DAVOS, Switzerland — Many business leaders at the World Economic Forum aren’t convinced the latest round of trade negotiations between China and the U.S. will yield a “phase two” deal before the end of President Donald Trump’s first term.
The biggest potential stumbling blocks: U.S. tariffs on Chinese goods and Chinese pledges to buy more American products.
A phase two deal is expected to lead to a rollback of billions of dollars of tariffs that the U.S. first slapped on China in 2018. Trump has said he may want to wait until after the election to sign a phase two trade deal, and there hasn’t been a clear timeline from the White House as to when an agreement can be reached.
Treasury Secretary Steven Mnuchin, who is in Davos with the president, told The Wall Street Journal the next agreement could remove some but not all of the tariffs.
Doubts about a second deal were likely to dominate conversations at the elite gathering in the Swiss Alps, particularly as business leaders talk with White House officials there and in the coming months as Trump pursues his reelection. It is unclear how another China trade deal could be accomplished if Trump isn’t reelected. More than a dozen Democrats are vying for their party’s nomination to take on Trump in November, including former Vice President Joe Biden, Sens.

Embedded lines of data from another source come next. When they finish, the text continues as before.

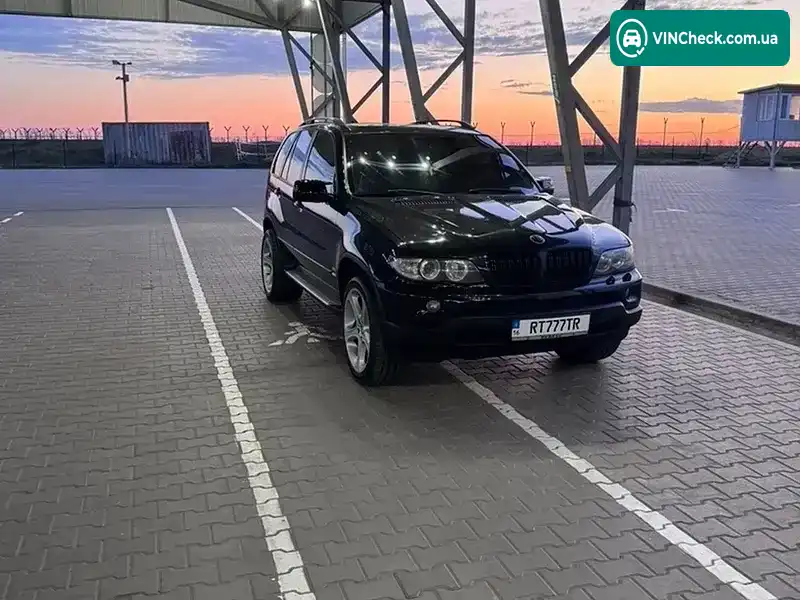 BMW X5 2005, фото з оголошення 1 з 7, VIN WBAFB71040LX47740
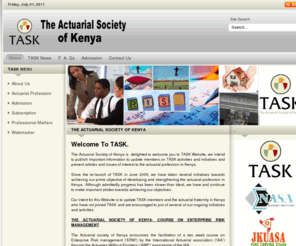 actuarieskenya.org: The Actuarial Society of Kenya
The Actuarial Society of Kenya- actuaries kenya,actuarial science, Task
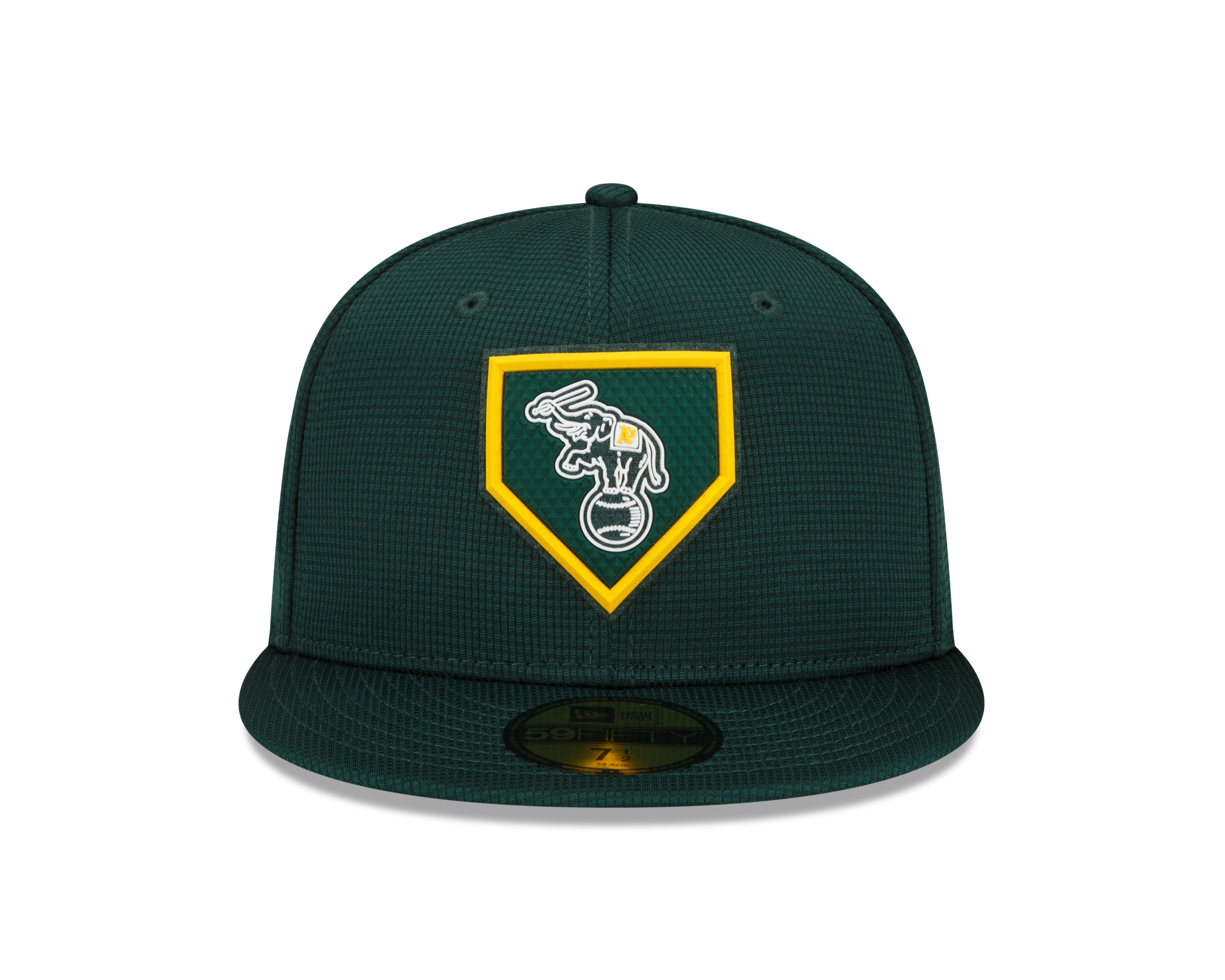 MLB Clubhouse 59Fifty Fitted Cap Oakland Athletics - Grøn - Headz Up 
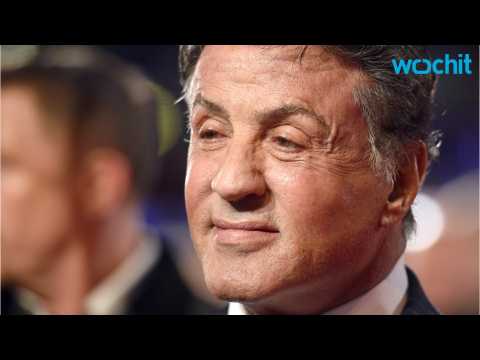 VIDEO : Sylvester Stallone Announces He's Teaming Up With STX Entertainment For a New Project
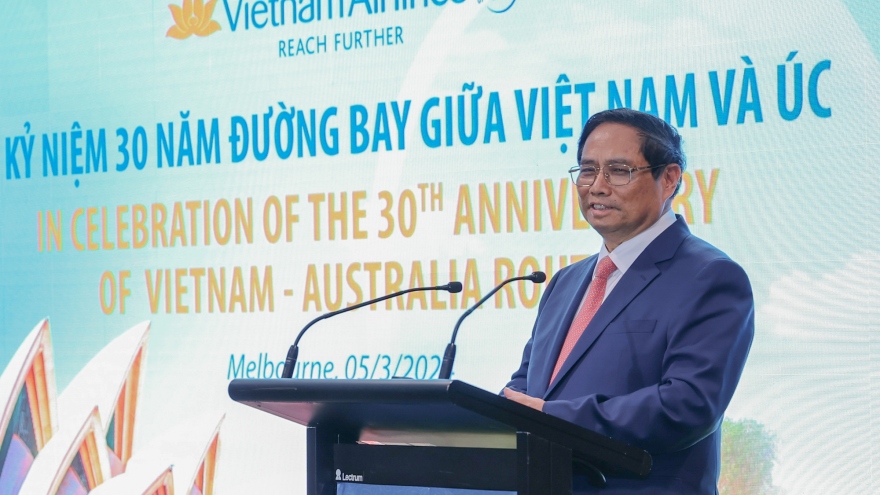 Vietnam Airlines kỷ niệm 30 năm đường bay thẳng Việt Nam - Australia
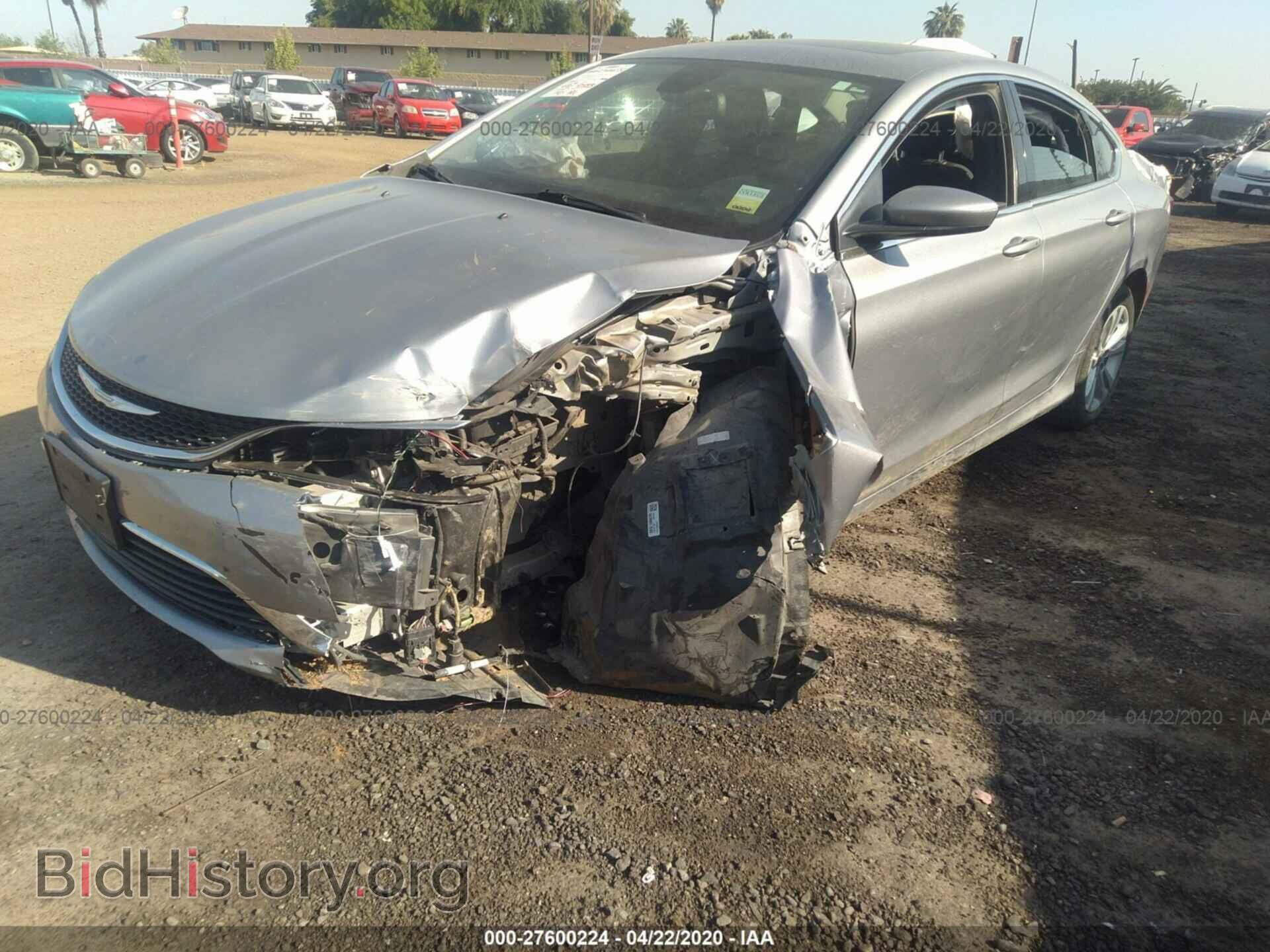 2015 CHRYSLER 200 - VIN: 1C3CCCAB5FN742125 - Фото 2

Bernie Sanders and Elizabeth Warren, and former mayors Pete Buttigieg and Mike Bloomberg.
“No one thinks it’s going to happen,” Ian Bremmer, president of political consulting firm Eurasia Group, told CNBC after being asked where Davos attendees stand on future trade talks. “I really would be shocked to see a ‘trade two’ deal get done before the election.” He noted one of the hurdles to another agreement could come down to China not buying as much as it promised.